**Exercise goal:**
Please give the number of lines in the listing that include the word "Recipe", with no other words.

**Entries supplied:**
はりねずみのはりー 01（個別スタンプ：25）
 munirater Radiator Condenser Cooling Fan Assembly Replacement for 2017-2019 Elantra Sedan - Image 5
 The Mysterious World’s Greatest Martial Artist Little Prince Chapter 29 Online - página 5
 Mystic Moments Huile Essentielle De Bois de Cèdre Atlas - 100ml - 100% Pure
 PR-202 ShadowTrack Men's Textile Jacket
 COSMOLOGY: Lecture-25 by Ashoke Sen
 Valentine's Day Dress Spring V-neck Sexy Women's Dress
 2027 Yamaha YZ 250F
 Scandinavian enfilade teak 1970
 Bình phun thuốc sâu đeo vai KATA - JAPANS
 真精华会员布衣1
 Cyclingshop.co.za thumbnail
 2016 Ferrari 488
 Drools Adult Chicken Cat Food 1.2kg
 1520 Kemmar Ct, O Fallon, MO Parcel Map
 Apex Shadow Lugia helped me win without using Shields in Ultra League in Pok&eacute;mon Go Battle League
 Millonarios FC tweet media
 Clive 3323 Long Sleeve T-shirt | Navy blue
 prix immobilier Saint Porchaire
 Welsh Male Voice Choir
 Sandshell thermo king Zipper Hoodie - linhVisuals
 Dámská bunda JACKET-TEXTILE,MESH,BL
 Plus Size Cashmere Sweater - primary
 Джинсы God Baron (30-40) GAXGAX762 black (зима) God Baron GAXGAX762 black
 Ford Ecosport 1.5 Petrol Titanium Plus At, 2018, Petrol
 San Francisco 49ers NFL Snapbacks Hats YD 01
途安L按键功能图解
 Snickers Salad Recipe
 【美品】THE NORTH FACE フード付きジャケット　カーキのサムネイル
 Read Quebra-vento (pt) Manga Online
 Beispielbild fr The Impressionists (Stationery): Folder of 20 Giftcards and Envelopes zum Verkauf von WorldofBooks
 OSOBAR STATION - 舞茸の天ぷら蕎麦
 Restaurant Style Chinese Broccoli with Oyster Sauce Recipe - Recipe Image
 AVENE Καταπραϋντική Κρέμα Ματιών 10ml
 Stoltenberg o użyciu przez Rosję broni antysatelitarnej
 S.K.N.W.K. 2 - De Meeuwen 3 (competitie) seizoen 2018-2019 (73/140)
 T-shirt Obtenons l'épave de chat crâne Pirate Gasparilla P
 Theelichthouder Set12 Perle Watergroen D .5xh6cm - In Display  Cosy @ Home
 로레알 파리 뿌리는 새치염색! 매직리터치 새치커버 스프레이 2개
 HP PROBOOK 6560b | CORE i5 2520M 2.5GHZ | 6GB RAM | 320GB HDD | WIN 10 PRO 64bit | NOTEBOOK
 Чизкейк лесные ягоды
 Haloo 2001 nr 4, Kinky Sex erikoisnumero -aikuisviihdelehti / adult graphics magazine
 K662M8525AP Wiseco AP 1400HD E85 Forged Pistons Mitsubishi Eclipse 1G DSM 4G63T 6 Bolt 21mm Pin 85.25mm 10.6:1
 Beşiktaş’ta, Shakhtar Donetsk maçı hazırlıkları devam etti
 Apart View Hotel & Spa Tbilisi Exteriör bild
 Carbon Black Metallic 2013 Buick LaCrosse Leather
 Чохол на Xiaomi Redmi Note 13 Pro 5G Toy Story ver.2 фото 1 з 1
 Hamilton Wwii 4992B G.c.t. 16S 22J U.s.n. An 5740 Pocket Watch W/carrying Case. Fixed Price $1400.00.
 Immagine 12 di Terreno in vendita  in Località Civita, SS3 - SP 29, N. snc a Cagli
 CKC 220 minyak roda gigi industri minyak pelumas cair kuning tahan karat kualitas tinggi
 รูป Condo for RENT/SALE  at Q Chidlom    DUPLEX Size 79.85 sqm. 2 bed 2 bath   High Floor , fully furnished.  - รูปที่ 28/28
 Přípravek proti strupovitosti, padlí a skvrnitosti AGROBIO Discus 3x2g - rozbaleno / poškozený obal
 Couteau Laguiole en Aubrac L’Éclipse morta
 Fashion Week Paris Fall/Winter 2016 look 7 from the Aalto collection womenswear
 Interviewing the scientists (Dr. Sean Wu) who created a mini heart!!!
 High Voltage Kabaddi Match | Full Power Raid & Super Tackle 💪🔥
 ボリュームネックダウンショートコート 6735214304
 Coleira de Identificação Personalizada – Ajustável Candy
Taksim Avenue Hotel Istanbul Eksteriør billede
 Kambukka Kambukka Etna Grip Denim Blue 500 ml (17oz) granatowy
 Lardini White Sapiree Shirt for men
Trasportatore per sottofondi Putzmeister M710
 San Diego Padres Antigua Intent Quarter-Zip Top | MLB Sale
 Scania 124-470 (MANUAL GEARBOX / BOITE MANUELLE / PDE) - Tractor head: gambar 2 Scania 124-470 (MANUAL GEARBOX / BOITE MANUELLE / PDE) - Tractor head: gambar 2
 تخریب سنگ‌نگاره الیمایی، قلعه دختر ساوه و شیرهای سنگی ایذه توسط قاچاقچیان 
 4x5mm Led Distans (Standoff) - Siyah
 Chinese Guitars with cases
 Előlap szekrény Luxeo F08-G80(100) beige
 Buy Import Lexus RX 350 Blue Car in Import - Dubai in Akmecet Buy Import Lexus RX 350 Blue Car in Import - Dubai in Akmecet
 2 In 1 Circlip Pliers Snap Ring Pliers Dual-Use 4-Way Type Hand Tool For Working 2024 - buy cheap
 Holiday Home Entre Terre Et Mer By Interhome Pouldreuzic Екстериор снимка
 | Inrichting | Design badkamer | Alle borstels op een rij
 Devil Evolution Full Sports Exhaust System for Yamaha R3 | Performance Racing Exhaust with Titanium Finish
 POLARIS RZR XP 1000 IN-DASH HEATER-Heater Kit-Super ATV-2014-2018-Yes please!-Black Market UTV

**Worked solution:**
2